A Justice Department inspector general’s report said that Steele’s primary source of information disputed many of the allegations in the dossier. The IG report also said that the FBI and U.S. intelligence community received evidence in 2017 that Russian intelligence operatives may have fed disinformation to Steele.
The IG report also dealt a fatal blow to the Alfa Bank theory peddled by Sussmann.
It said the FBI investigated whether there were “cyber links” between Alfa Bank and the Trump Organization, the company owned by Donald Trump, “but had concluded by early February 2017 that there were no such links.”
The three owners of Alfa Bank have sued Steele in the U.S. and U.K. over the Sept. 14, 2016 memo, which is referred to as “Company Intelligence Report 112” in the dossier.
Steele testified under oath in London on March 17 and 18.
He revealed that Sussmann, a former Justice Department official, told him during a meeting on July 29, 2016 about suspicious network traffic between the Trump Organization and Alfa Bank, according to the transcript.

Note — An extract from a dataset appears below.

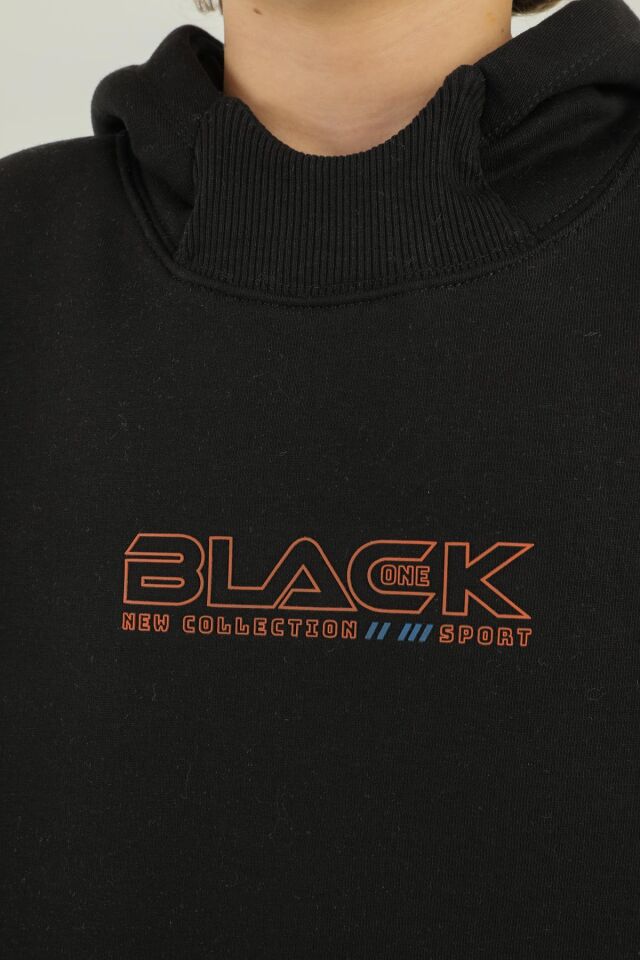 Kapüşonlu Kargo Cepli Yan Fermuar Detaylı Kalın Erkek Çocuk Eşofman Takımı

He also said that the theory about the computer server traffic was the catalyst for the dossier memo he would write six weeks later about Alfa Bank, the transcript shows. (RELATED: EXCLUSIVE: Dossier Author Testified His Records Were ‘Wiped’)
“I’m very clear is that the first person that ever mentioned the Trump server issue, Alfa server issue, was Mr. Sussman [sic],” Steele told Hugh Tomlinson, a lawyer for the Alfa Bank owners, on March 17, the transcript shows.
Steele went on to say that Fusion GPS founder Glenn Simpson instructed him at some point after the Sussmann meeting to write a report about Alfa Bank, according to the transcript.
“I was given the instruction sometime after that meeting by Mr. Simpson,” said Steele, adding that the instruction from Simpson “was absolutely, definitely linked to the server issue,” the transcript shows.
It was not previously known whether Steele keyed in on Alfa Bank on his own initiative, or if someone else tasked him with investigating the bank.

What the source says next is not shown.